While that's a stunning number already, some say these figures are far too conservative. A director at the North Dakota Department of Mineral Resources recently placed estimates between 10 billion and 14 billion barrels of oil.
And Harold Hamm, a longtime veteran of the oil industry and CEO of Continental Resources (NYSE: CLR ) , another company with significant operations in the Bakken, is even more bullish on the play. Having dubbed it "America's Saudi Arabia," Hamm estimates that the Bakken and Three Forks reservoirs collectively hold 20 billion barrels of recoverable oil.
A massive boom in North Dakota
The play has already yielded such vast quantities of oil that it's managed to propel North Dakota to become the second-leading oil producing state in the country. Surpassing Alaska in March for this honor, it trails only Texas. The Bakken boom has brought down unemployment in North Dakota to an enviable 3% -- significantly below the national average -- and the state now runs a large budget surplus.
The state's growth story has been made possible largely by technological advances, including hydraulic fracturing -- or fracking -- and horizontal drilling. These techniques have helped unleash the potential trapped within rock formations like the Bakken. The resulting boom has attracted not only domestic players, but also international companies such as Norway's Statoil (NYSE: STO ) , which entered the play through its acquisition of Brigham Exploration.
Now let's get back to the Bakken producer I mentioned at the start, and look at why it might be a great way to invest in the play's potential.
Rockin' in the Bakken
The company is Kodiak Oil & Gas (NYSE: KOG ) and its as much a Bakken story as any oil producer out there. Its operations are largely focused on drilling for oil in the Williston basin, where it has amassed 157,000 acres. Perhaps more importantly, the company has nearly de-risked all of this acreage, which means that from here on out, it will be engaged primarily in low risk developmental drilling.
While second-quarter results won't be out until Aug. 2, recently reported preliminary results are encouraging. Sales volume grew 20% from the previous quarter, averaging around 12,700 barrels of oil equivalent per day. And for the first two weeks of July, net production averaged between 17,000 and 18,000 boe per day as the company inches closer to its year-end target of 27,000 boe per day.

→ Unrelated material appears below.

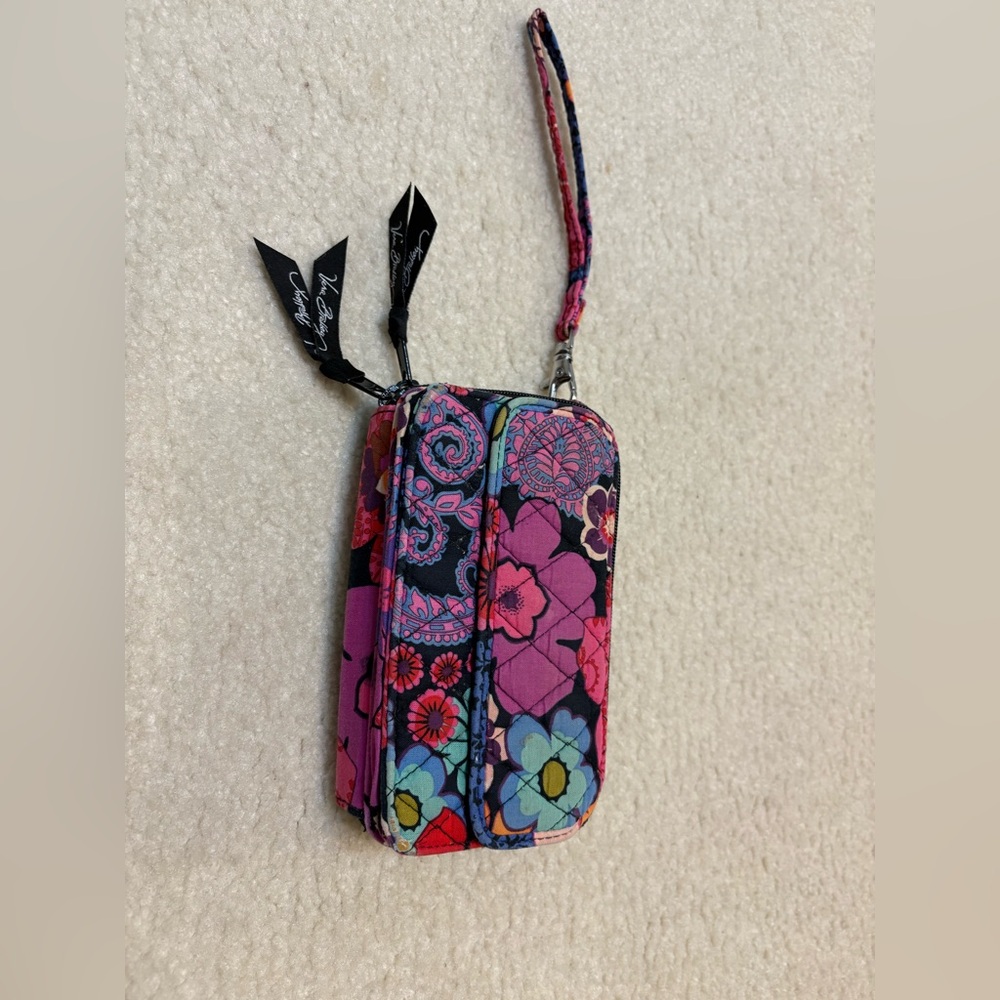 Vera Bradley Quilted Purse Wristlet With Slots Etc & Two Zippers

While Kodiak has been growing production at a rapid clip, capital expenditures have been on the rise, as well. The company does have a sizable funding gap and has been outspending cash flow by quite a lot. But from what I can tell, it's also carefully watching costs. It recently decreased the spacing between its Bakken wells -- a practice known as downspacing -- which has yielded significant cost savings for companies like EOG Resources (NYSE: EOG ) .
For 2012, Kodiak's capital spending budget is $585 million, with the bulk of it dedicated to drilling and completing wells. The company plans on funding its aggressive drilling operations through cash flow and liquidity alone, after raising a large amount of capital through a senior note issuance and a stock offering last November.
Final thoughts and things to keep an eye on
Overall, Kodiak appears to be in a solid position. It's got around 800 net drilling locations in some very attractive acreage, most of which has already been de-risked. With seven operated rigs currently up and running and two non-operated rigs drilling, it expects all areas to be held by production by the end of next year.
But while there are many factors working in Kodiak's favor, the biggest risk is falling oil prices. Due to its small size, it's more vulnerable to a collapse in oil prices compared to larger players in this space. However, to offset this risk, Kodiak has hedged a large part of its production for the year at higher West Texas Intermediate (WTI) spot prices. When the company reports earnings Aug. 2, keep a close eye on the hedge situation, along with the cash balance and operated rig count.